Settings can be gathered via the GUI or via sp_configure.
--Allow all options to be visable
exec sp_configure 'show advanced options',1;
GO
--Execute this now as opposed to the next restart of the server
Reconfigure with override;
go
--View all the settings
exec sp_configure;
go
MaxDOP:
Depending on how many cores you have and if this process is going parallel this setting matters a great deal. If you have a MAXDOP of 0 and this is going parallel then even a single processing event could be using all the cores on the system.
Question:
How many cores are on your system and what is the Maximum Degree of parallelism that is currently set?
See sp_configure above.
--Taken from http://msdn.microsoft.com/en-us/magazine/cc135978.aspx
SELECT TOP 10
[Wait type] = wait_type,
[Wait time (s)] = wait_time_ms / 1000,
[% waiting] = CONVERT(DECIMAL(12,2), wait_time_ms * 100.0
/ SUM(wait_time_ms) OVER())
FROM sys.dm_os_wait_stats
WHERE wait_type NOT LIKE '%SLEEP%'
ORDER BY wait_time_ms DESC;
*Apologies I forget where I got this from; if someone knows the author or URL I’ll add it
Clustered Indexes:
If you’re missing clustered indexes / Primary Keys it can cause your CPU to go nuts as SQL tries to satisfy a query across a heap. It’s worth taking a looks at the db’s in question as well as any others on the system to see if this is the case.
--Missing Primary Keys:
SELECT
t.TABLE_CATALOG
,t.TABLE_SCHEMA
,t.TABLE_NAME
,t.TABLE_TYPE
FROM
INFORMATION_SCHEMA.TABLES t
LEFT JOIN INFORMATION_SCHEMA.TABLE_CONSTRAINTS pk
ON t.TABLE_CATALOG = pk.TABLE_CATALOG
AND t.TABLE_NAME = pk.TABLE_NAME
AND t.TABLE_SCHEMA = pk.TABLE_SCHEMA
AND pk.CONSTRAINT_TYPE = 'PRIMARY KEY'
WHERE
pk.TABLE_NAME IS NULL
AND t.TABLE_TYPE='BASE TABLE'
ORDER BY
t.TABLE_CATALOG
,t.TABLE_SCHEMA
,t.TABLE_NAME
--Missing Clustered Indexes
SELECT name
FROM sys.objects
WHERE type = 'U'
AND object_id NOT IN
(SELECT object_id FROM sys.indexes WHERE index_id = 1)

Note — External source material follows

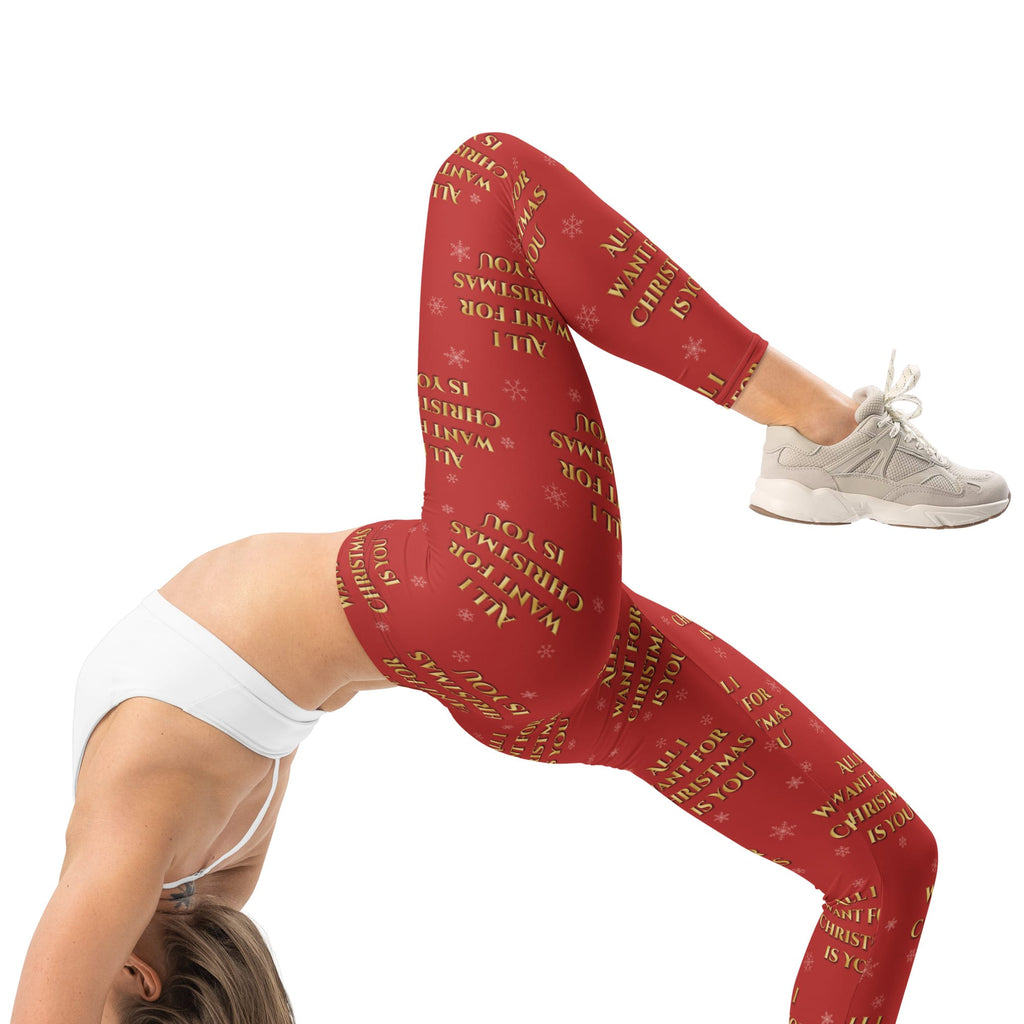 All I Want for Christmas is You Leggings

*Apologies I forget where I got this from; if someone knows the author or URL I’ll add it
Missing indexes:
This can also be a point of contention as your using statics to satisfy queries. It might be worth looking into it to see if you can optimize those tables and queries causing high CPU.
--Count of missing indexes
SELECT
DatabaseName = DB_NAME(database_id)
, count(*) as [Number Indexes Missing]
FROM sys.dm_db_missing_index_details
GROUP BY DB_NAME(database_id)
ORDER BY 2 DESC;
--Top ten missing indexes based on usage since last restart
SELECT TOP 10
[Total Cost] = ROUND(avg_total_user_cost * avg_user_impact * (user_seeks + user_scans),0)
, avg_user_impact
, TableName = statement
, [EqualityUsage] = equality_columns
, [InequalityUsage] = inequality_columns
, [Include Cloumns] = included_columns
FROM sys.dm_db_missing_index_groups g
INNER JOIN sys.dm_db_missing_index_group_stats s
ON s.group_handle = g.index_group_handle
INNER JOIN sys.dm_db_missing_index_details d
ON d.index_handle = g.index_handle
ORDER BY [Total Cost] DESC;
*Apologies I forget where I got this from; if someone knows the author or URL I’ll add it
If all this doesn’t point you in the right direction or give you a better idea of what could be going on you have another couple of options that are more time consuming; which is why I left them at the end.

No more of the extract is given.